TLcom Capital is doubling down on early bets. The Africa-focused VC firm has now deployed 50% of its $5M pre-seed fund, TAPSI, after backing South African travel payment platform TurnStay’s $2M seed round. The fund, launched in 2022, offers up to $200K in early capital, along with TLcom’s network and two decades of venture experience.

The move comes in a brutal year for African startups. Several high-profile names have collapsed in 2025—Edukoya and Bento Africa shut down in Q1, Kenyan BNPL player Lipa Later went into administration in March despite raising $15M, and TLcom itself exited logistics hopeful Kobo360. Food-procurement platform Vendease also shrank operations after internal disputes. Funding has slowed, survival rates are down, and analysts warn more closures are likely before year-end.

TLcom says this only reinforces its approach. “Building in Africa is not for the faint-hearted,” says partner Eloho Omame. “The likelihood of success significantly increases if we support founders earlier and grow alongside them.”
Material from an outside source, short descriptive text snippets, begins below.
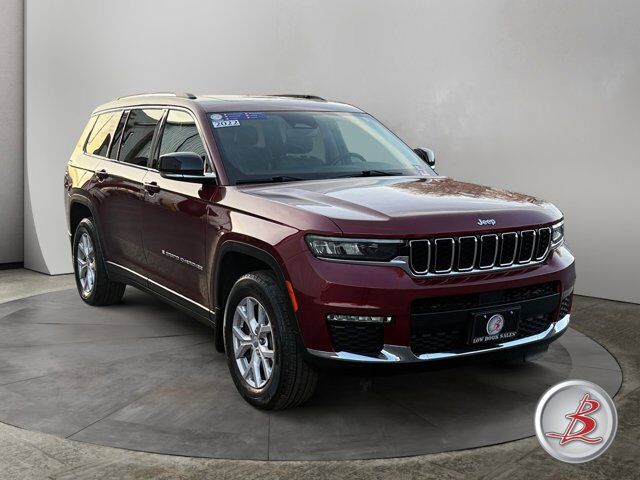 2022 Jeep Grand Cherokee L Limited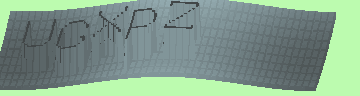 CAPTCHA 認証コード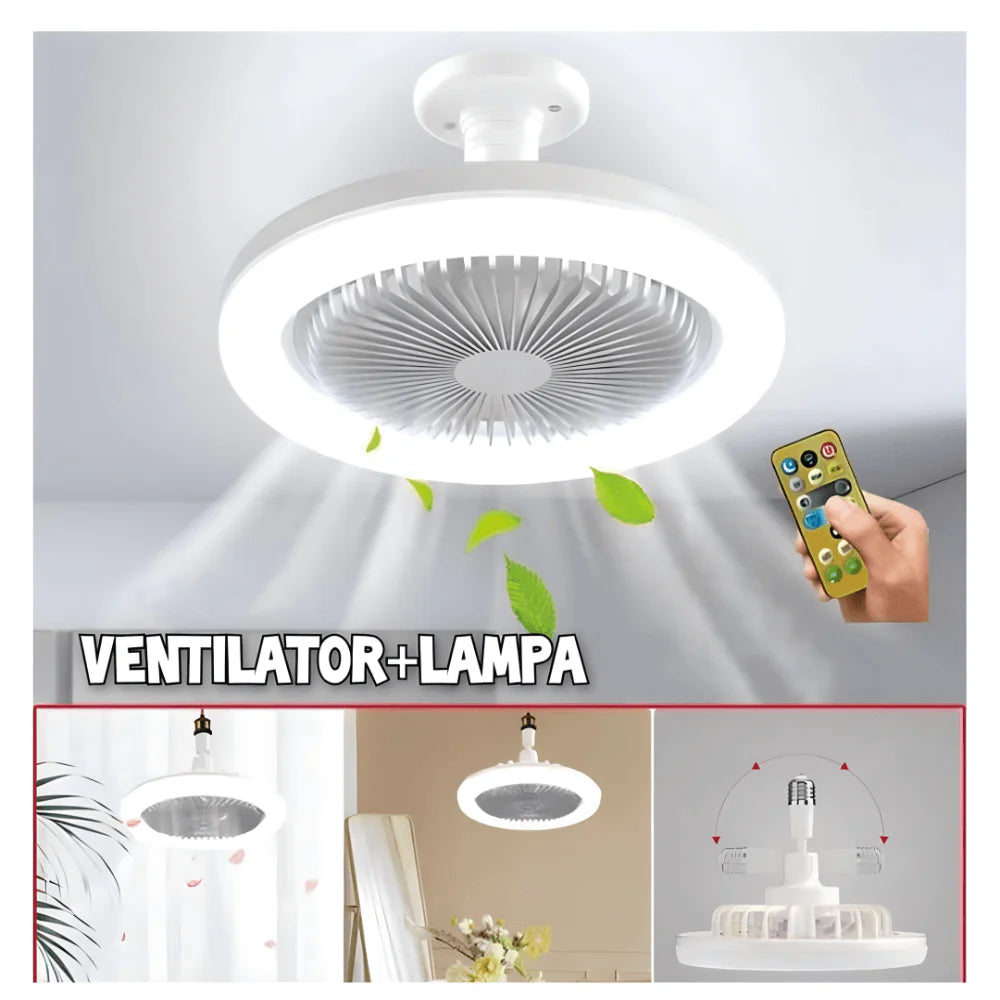 Luster ventilator - MNE Shop ME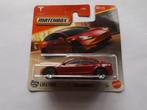 Matchbox 1:64 - Voiture miniature (35) - Tesla, Plymouth,, Nieuw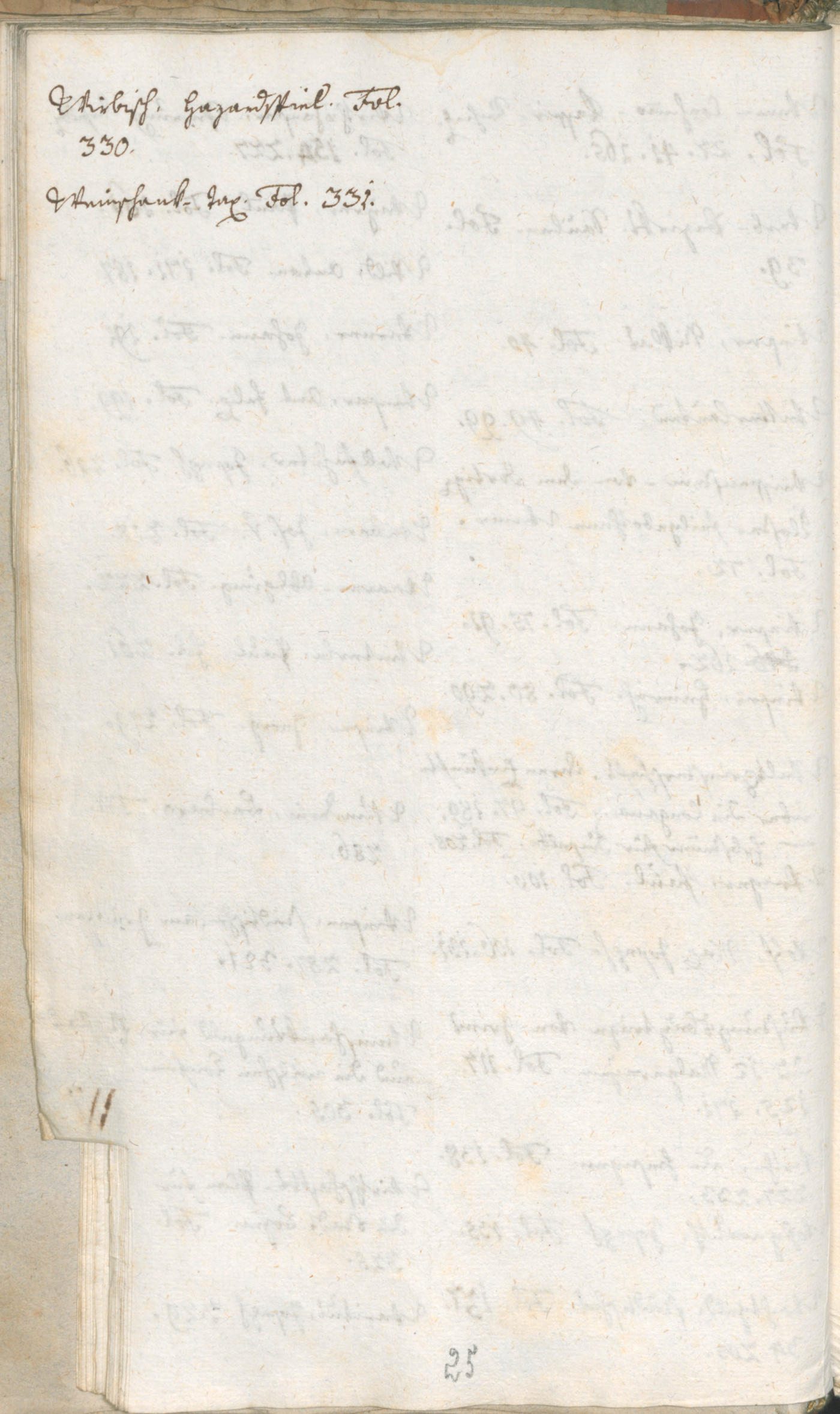 Civic Archives of Bozen-Bolzano - BOhisto Ratsprotokoll 1787 
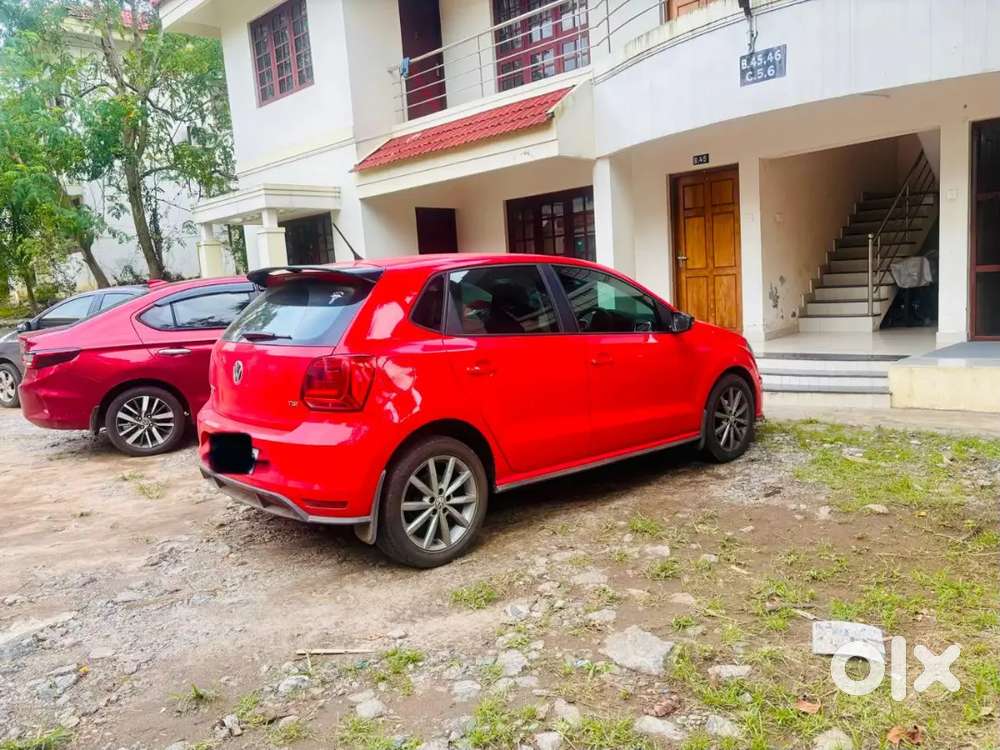 Volkswagen Polo 2021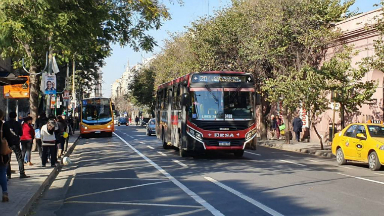 Tras las asambleas, se normaliza el transporte en Córdoba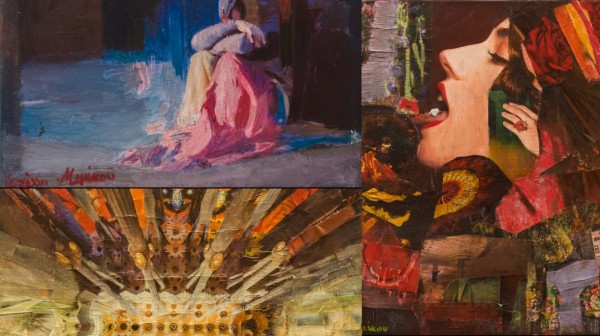 Διεθνής διάκριση για την ζωγράφο Στέλλα Μιμίκου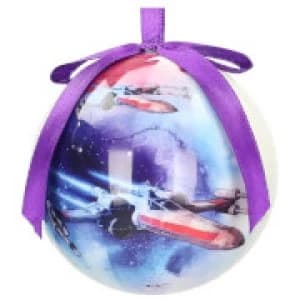 Star Wars Christmas Bauble - X Wings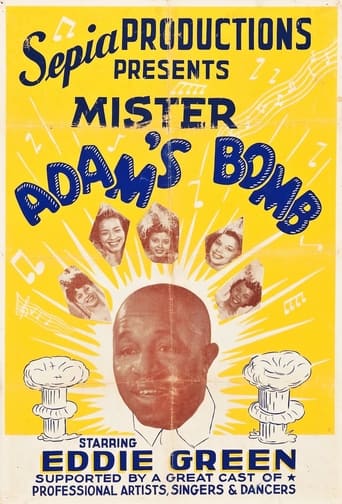 Poster of Mr. Adam's Bomb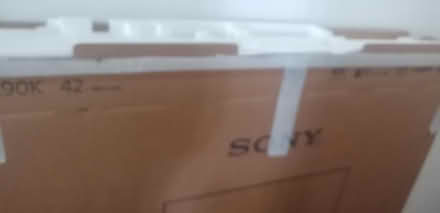 Photo of free Old smart Sony TV (Victoria SW1) #1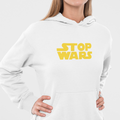 STOP WARS Hoodie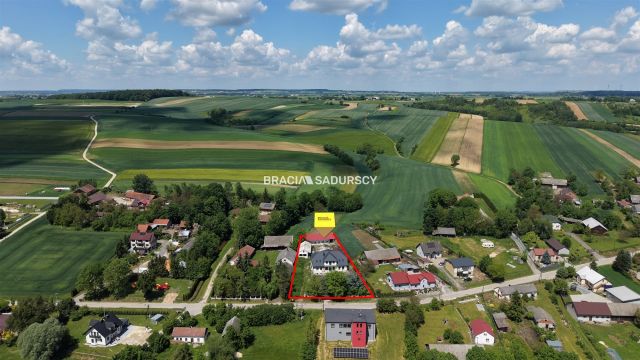 dom wolnostojący, 10 pokoi Sławice Szlacheckie. Zdjęcie 2
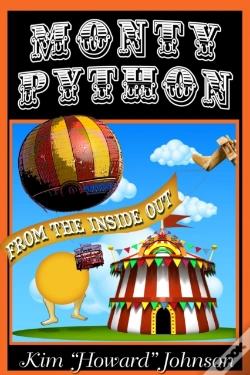 Capa do artigo Monty Python From The Inside Out
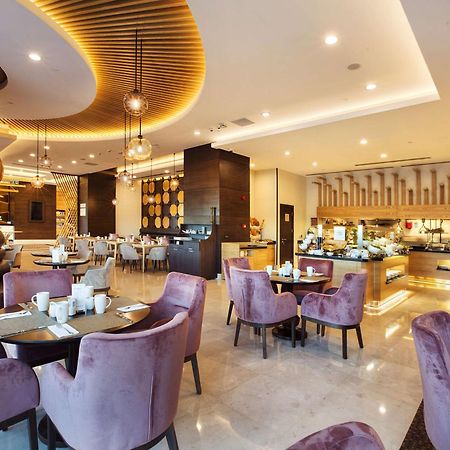 Hilton Garden Inn Ισπάρτα Εξωτερικό φωτογραφία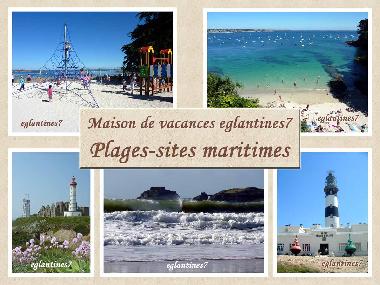 Ferienhaus in Plougonvelin (Finistre) oder Ferienwohnung oder Ferienhaus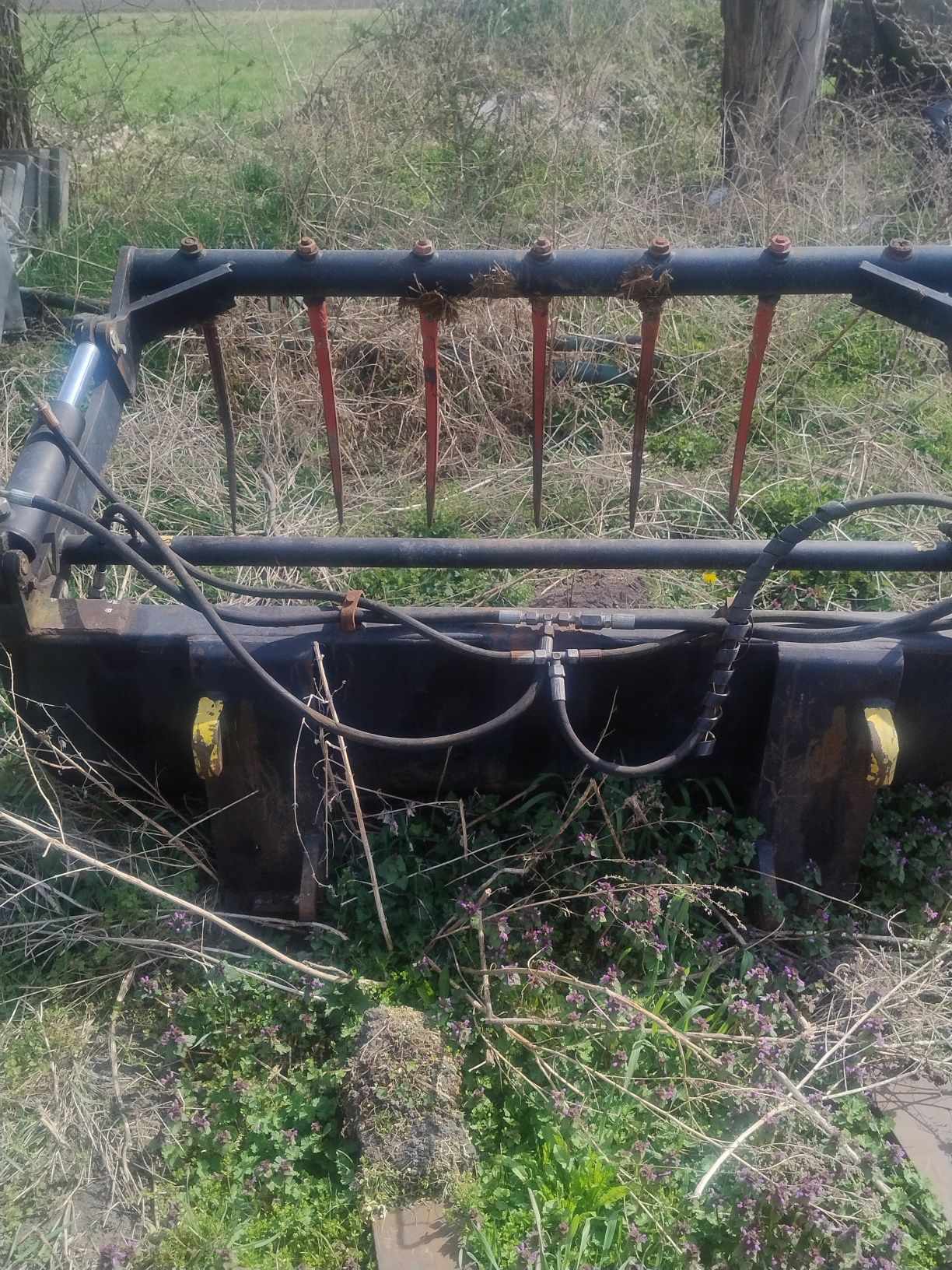 Tur Zetor Trac Lift 120 ,220 (Proxima Power 7211,7341,5341,6340,,6341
TAPSI works as a feeder for TLcom’s $154M TIDE Africa Fund II, letting strong performers graduate from pre-seed to million-dollar raises without giving up equity to outside investors. Nigerian edtech Talstack followed that path—starting with TAPSI funding, validating its model, then landing follow-on capital from TIDE II in 2024.

The current portfolio spans Nigeria’s Talstack, Egypt’s B2B marketplace Tradehub, Sudan/Ethiopia’s Bright Financial, Kenya’s agtech Agrails, and three female-founded startups via First Check Africa. That gender-focused pipeline addresses a stark statistic: women founders receive less than 2% of African venture capital.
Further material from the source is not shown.